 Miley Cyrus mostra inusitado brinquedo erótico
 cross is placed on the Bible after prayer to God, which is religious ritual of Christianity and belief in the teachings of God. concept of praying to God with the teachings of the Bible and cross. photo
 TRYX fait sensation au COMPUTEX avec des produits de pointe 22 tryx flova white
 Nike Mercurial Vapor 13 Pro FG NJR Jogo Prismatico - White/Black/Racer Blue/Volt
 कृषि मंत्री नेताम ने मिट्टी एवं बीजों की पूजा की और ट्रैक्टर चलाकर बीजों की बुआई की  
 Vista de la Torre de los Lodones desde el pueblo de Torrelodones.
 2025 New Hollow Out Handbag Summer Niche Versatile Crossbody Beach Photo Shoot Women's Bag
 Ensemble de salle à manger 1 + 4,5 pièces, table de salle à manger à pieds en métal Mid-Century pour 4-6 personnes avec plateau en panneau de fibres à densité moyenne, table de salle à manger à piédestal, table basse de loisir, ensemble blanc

Exercise objective: Each record above should be set down again in its exact wording.

Answer space:
 Miley Cyrus mostra inusitado brinquedo erótico
 cross is placed on the Bible after prayer to God, which is religious ritual of Christianity and belief in the teachings of God. concept of praying to God with the teachings of the Bible and cross. photo
 TRYX fait sensation au COMPUTEX avec des produits de pointe 22 tryx flova white
 Nike Mercurial Vapor 13 Pro FG NJR Jogo Prismatico - White/Black/Racer Blue/Volt
 कृषि मंत्री नेताम ने मिट्टी एवं बीजों की पूजा की और ट्रैक्टर चलाकर बीजों की बुआई की  
 Vista de la Torre de los Lodones desde el pueblo de Torrelodones.
 2025 New Hollow Out Handbag Summer Niche Versatile Crossbody Beach Photo Shoot Women's Bag
 Ensemble de salle à manger 1 + 4,5 pièces, table de salle à manger à pieds en métal Mid-Century pour 4-6 personnes avec plateau en panneau de fibres à densité moyenne, table de salle à manger à piédestal, table basse de loisir, ensemble blanc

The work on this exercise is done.